Quanto costa ad un’impresa un legal designer?
Dipende tantissimo dal progetto. Se si tratta di semplificare termini e considerazioni di un sito internet, valutiamo prima di che sito parliamo. Poi varia a seconda che si tratti di un contratto di fornitura o di una 231 in legal design. Vogliamo accontentarci della semplificazione grafica e concettuale, oppure fare un lavoro più strutturato di design thinking, con sondaggi, prototipi, etc.? Dal punto di vista pratico, il legal design fa leva su professionisti di differente estrazione – legali, psicologi, grafici, i quali hanno un loro costo, nonché sull’alchimia fra questi ultimi, che è il vero valore aggiunto, e che pesa sulla tariffa. Ciò premesso, pur trattandosi di costi rilevanti, il budget tende sempre ad essere trovato, e questo ci fa molto piacere e ci rende ottimisti per il futuro.
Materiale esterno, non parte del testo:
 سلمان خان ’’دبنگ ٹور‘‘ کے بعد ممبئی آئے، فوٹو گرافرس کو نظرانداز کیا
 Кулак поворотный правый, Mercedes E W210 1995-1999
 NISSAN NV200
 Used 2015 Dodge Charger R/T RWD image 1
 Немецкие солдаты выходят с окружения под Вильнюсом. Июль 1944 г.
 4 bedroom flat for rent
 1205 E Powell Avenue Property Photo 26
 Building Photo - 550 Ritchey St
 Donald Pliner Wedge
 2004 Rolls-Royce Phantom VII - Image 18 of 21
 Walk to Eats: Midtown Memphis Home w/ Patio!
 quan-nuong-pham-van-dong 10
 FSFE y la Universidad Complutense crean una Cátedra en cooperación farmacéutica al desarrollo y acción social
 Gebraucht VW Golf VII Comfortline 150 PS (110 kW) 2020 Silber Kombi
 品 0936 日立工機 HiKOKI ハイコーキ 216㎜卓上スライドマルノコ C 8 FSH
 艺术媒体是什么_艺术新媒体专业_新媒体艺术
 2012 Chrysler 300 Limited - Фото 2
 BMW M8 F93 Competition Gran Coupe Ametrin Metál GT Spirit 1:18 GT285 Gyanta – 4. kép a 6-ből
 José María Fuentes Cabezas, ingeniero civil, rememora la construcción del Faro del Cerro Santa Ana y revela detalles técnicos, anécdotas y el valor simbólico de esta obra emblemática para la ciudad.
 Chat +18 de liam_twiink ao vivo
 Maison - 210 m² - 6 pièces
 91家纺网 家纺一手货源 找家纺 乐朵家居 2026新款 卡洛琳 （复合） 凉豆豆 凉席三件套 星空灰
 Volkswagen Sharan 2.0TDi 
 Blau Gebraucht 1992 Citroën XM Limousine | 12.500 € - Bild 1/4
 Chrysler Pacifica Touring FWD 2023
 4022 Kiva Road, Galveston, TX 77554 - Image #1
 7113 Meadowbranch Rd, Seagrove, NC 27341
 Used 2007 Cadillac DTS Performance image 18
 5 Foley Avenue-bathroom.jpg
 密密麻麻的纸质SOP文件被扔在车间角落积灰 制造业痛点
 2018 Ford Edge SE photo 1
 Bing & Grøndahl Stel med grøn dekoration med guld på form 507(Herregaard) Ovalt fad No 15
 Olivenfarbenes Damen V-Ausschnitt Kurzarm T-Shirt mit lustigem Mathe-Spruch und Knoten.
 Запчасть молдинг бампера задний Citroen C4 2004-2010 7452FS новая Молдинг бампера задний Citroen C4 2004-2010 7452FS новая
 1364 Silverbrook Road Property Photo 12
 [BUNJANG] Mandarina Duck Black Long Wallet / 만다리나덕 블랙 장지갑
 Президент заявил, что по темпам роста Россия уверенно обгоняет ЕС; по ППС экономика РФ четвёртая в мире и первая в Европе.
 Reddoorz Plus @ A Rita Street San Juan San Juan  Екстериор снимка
Come si forma un legal designer? L’Università italiana si sta attrezzando?
Domanda di non facile risposta. Per quanto mi riguarda, siamo molto indietro. C’è un seminario in Cattolica, alcune iniziative simili a Bergamo e Bologna, e vari corsi di scrittura giuridica, che pur non essendo legal design, tratta tematiche a questo correlate. Il discorso si potrebbe facilmente espandere a tutto il mondo legal tech, legal innovation, o sostenibilità, su cui di fatto mancano corsi, strutture, e soprattutto reti con professionisti e aziende potenzialmente interessate. Nulla vieta comunque a un avvocato, o perché no, a uno studente di giurisprudenza, di cominciare a lavorare con tool come Miro o Canva , mentre è più rischioso per un grafico cimentarsi con documenti giuridici – visto che si rischia di rendere clausole o interi contratti nulli. Consiglio di creare un gruppo misto di lavoro, magari avvocato/grafico/project manager, e cominciare a lavorare sui primi progetti, magari pro bono e a beneficio della collettività. Sono infatti grande sostenitore del learning by doing.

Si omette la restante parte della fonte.